He needs to go down to New Orleans and say that to peoples faces.
firedemon
September 2nd, 2005, 03:24 PM
Stop blaming Fema and look at the real problem. The 17th street canal broke allowing the water from lake Ponchatrain to flow through the city streets. The U.S. Army corps of engineers knew about this for years and also knew that these effects could occur. Fema is trying as hard as they can to serve these desperate hot, hungry, and irate people. People are shooting at Fema workers and helicopters. Fires are breaking out all over the city. So enough of your blame game bullshit. I just moved here from New Orleans which by far is the most uneducated city I have ever lived in. You don't know shit, you wouldn't know what the fuck to do in this situation because you come from a nice little white enviorment. My point is the government and Fema and the Red Cross and other organizations are trying to save these people the best they can while they are dealing with fucks shooting at them.
K Magnum
K_info
September 2nd, 2005, 04:04 PM
Actually the feds knew about the 17th street levee break on Monday afternoon, yet chose to do nothing all day Tuesday. What happened afterward, and after they continued to do nothing, was predictable.
"It's hard"? Is that your excuse for them? Not when it's their job.

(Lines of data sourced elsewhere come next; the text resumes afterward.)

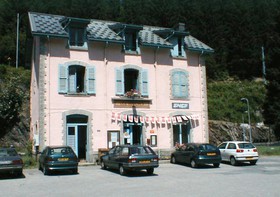À l’été 2001, la gare des Houches s’est parée de décorations pour fêter le centième anniversaire de la ligne.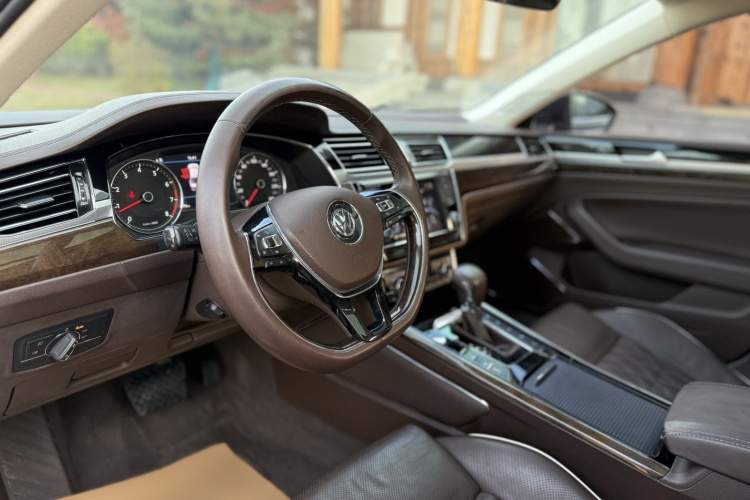 大众 辉昂 2018款 380TSI 两驱旗舰版局部细节18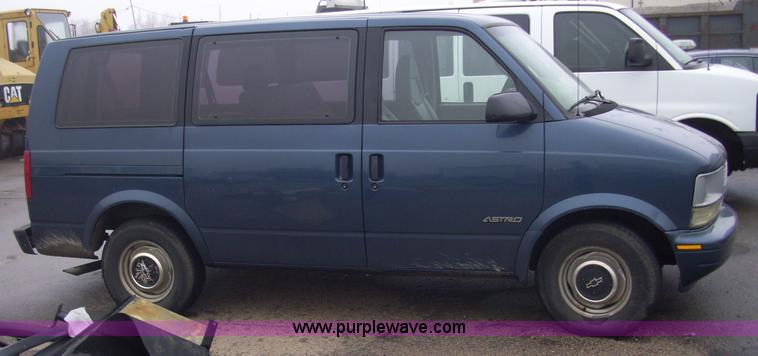 image for item 4132 1999 Chevrolet Astro van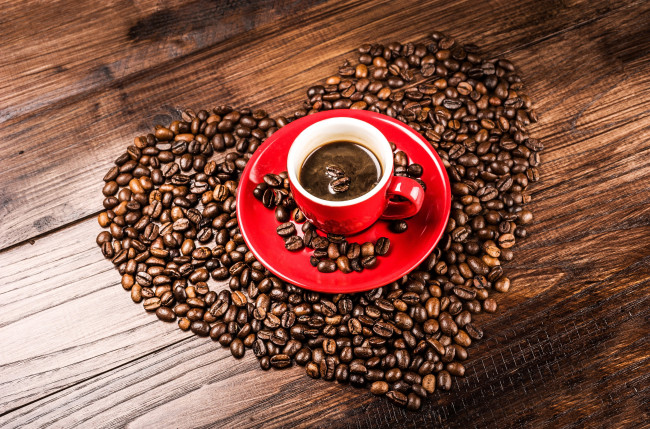 Обои картинки фото еда, кофе, кофейные, зёрна, блюдце, чашка, красная, сердце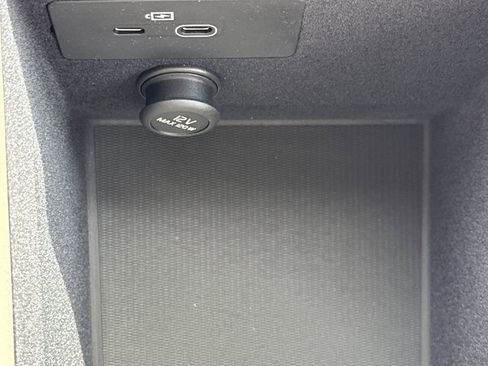 New 2026 Volvo XC90 B6 Ultra image 33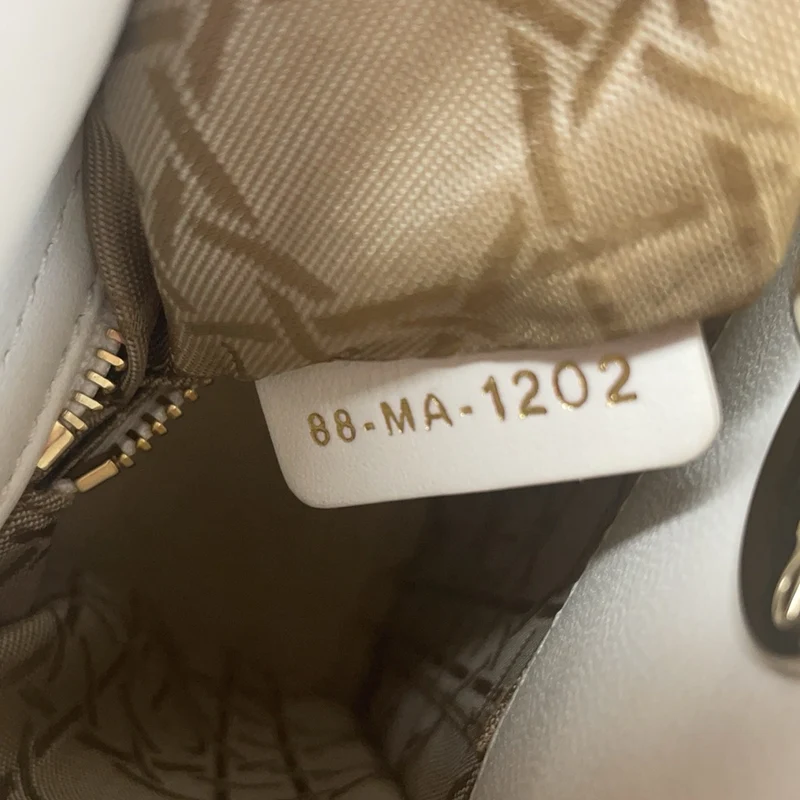 Dior White Small Lady Dior My ABCDior Tasche 2022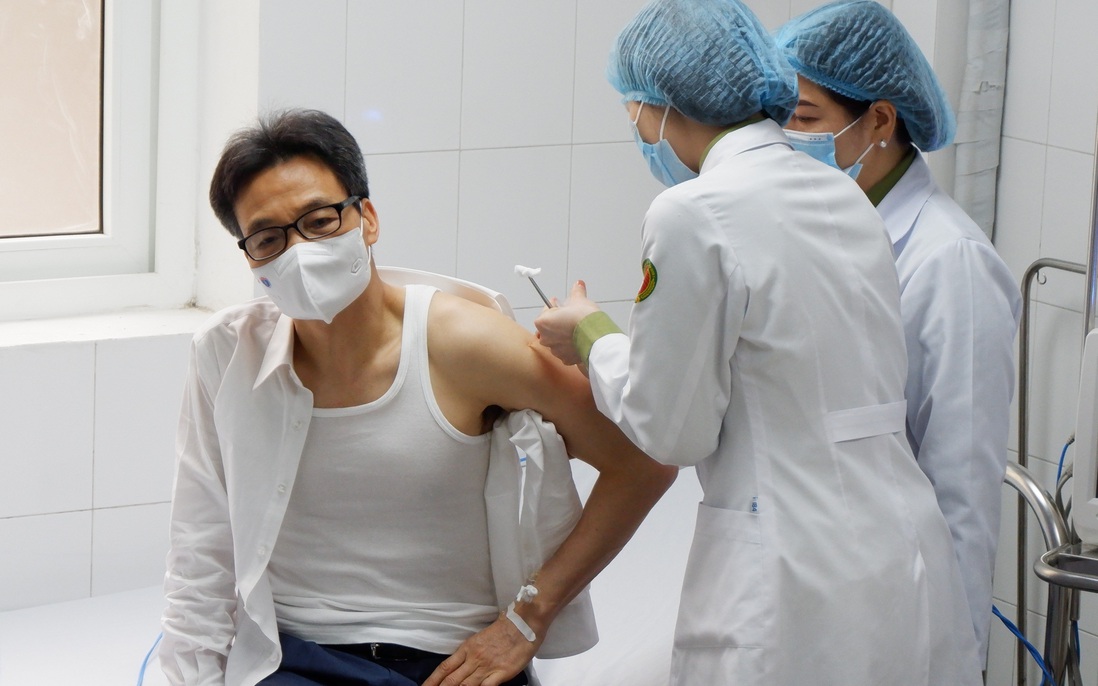 Phó Thủ tướng Vũ Đức Đam tiêm thử nghiệm vaccine Nanocovax "made in Vietnam"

I might add that the looting was and now is largely confined to Orleans Parish. There are entire outlying areas of 40-60,000 homes like St. Bernard Parish with no looting where people are dying on docks and rooftops because no one is coming.

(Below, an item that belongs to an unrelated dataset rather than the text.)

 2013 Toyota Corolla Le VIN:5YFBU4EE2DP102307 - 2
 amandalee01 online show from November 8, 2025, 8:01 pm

Why don't you listen to your former mayor speak the truth? Just sit back and take it because even your own douche president has admitted the federal response sucked:
Link 1 (http://a901.g.akamai.net/7/901/13186/v002/airamerica.download.akamai.com/13186/aarplace/media/Nagin.mp3)

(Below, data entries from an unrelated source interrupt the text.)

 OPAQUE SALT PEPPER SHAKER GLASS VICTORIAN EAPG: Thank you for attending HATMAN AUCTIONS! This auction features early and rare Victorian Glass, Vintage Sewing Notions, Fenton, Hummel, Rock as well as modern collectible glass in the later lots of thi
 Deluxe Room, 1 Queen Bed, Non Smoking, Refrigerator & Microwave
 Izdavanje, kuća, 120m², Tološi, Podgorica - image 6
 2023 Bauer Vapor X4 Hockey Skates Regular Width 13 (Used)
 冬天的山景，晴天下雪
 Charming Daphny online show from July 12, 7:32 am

Link 2 (http://www.msnbc.msn.com/id/9173940/site/newsweek/)
Transcript (http://www.dailykos.com/storyonly/2005/9/2/10464/35608)
Without Mayor Ray Nagin, we probably wouldn't even know about the 17th street levee break. Considering that he was the one who brought it to the feds' attention ON MONDAY, FIVE FUCKING DAYS AGO! Stop making excuses for the government. It's really pathetic. Not only can't we hold a sandbox in the middle east, but now China has kicked our ass in hurricane preparedness while we can't drop a couple pallets of bottled water. Heads should fucking roll. It's their goddamned job, and they're Hoovering our tax money.
Jimmy Flame
September 2nd, 2005, 09:02 PM
I am just fucking blown away by the lack of support by our president... It is sad and he should be ashamed of himself. Food and water should have been airlifted nearby IMMEDIATLEY! Ahhhk! I don't know what to say...
Mason
September 2nd, 2005, 09:19 PM
It is not only the president's fault. It would be a shame to let the rest of the guilty parties get off the hook that easy.
Lucius Bolivar
September 3rd, 2005, 08:09 AM
Stop blaming Fema and look at the real problem. The 17th street canal broke allowing the water from lake Ponchatrain to flow through the city streets. The U.S. Army corps of engineers knew about this for years and also knew that these effects could occur. Fema is trying as hard as they can to serve these desperate hot, hungry, and irate people. People are shooting at Fema workers and helicopters. Fires are breaking out all over the city. So enough of your blame game bullshit. I just moved here from New Orleans which by far is the most uneducated city I have ever lived in. You don't know shit, you wouldn't know what the fuck to do in this situation because you come from a nice little white enviorment. My point is the government and Fema and the Red Cross and other organizations are trying to save these people the best they can while they are dealing with fucks shooting at them.
K Magnum
People shooting is still no excuse for not getting resources into New Orleans. If somebody shoots at a US helicopter in Iraq, it doesn't send the whole US Army running away.
donatesearch
September 3rd, 2005, 12:31 PM
Hi all,
I created a search engine that will donate 90% of its income to American Red Cross. This site was launch on 3 September and I am trying to do my part to help out.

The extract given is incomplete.